# WORK REQUEST
Look in the material below for the line holding "Download Mar Jawange". Set it down exactly, with each later line up to and including the line holding "Zondervan - Becoming".

********************

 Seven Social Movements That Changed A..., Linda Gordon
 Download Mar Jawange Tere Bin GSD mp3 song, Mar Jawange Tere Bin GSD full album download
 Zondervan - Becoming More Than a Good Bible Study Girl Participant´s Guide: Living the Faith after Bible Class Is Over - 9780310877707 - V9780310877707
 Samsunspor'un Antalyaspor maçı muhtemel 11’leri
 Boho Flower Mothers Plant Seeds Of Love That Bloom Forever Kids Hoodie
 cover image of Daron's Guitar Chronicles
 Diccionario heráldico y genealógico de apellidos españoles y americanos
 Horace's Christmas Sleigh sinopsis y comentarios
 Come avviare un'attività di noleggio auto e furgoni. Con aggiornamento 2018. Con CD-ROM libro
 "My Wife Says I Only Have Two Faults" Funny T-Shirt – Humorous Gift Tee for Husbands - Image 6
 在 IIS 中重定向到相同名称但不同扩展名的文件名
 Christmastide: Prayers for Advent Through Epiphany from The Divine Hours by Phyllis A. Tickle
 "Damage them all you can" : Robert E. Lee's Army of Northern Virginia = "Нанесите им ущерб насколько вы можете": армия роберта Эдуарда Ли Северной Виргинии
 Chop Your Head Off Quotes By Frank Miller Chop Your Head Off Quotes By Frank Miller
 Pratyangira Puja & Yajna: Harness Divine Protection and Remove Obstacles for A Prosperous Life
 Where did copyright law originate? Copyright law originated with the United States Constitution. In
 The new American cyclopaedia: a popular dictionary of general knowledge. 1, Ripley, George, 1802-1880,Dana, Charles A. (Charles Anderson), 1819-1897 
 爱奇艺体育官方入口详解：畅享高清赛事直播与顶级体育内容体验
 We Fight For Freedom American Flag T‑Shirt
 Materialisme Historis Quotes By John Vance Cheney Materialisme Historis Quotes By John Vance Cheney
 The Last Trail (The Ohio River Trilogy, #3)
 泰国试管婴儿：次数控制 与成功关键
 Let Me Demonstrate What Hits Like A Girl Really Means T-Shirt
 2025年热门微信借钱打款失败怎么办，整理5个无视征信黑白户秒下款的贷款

********************

# EXERCISE ANSWER
 Download Mar Jawange Tere Bin GSD mp3 song, Mar Jawange Tere Bin GSD full album download
 Zondervan - Becoming More Than a Good Bible Study Girl Participant´s Guide: Living the Faith after Bible Class Is Over - 9780310877707 - V9780310877707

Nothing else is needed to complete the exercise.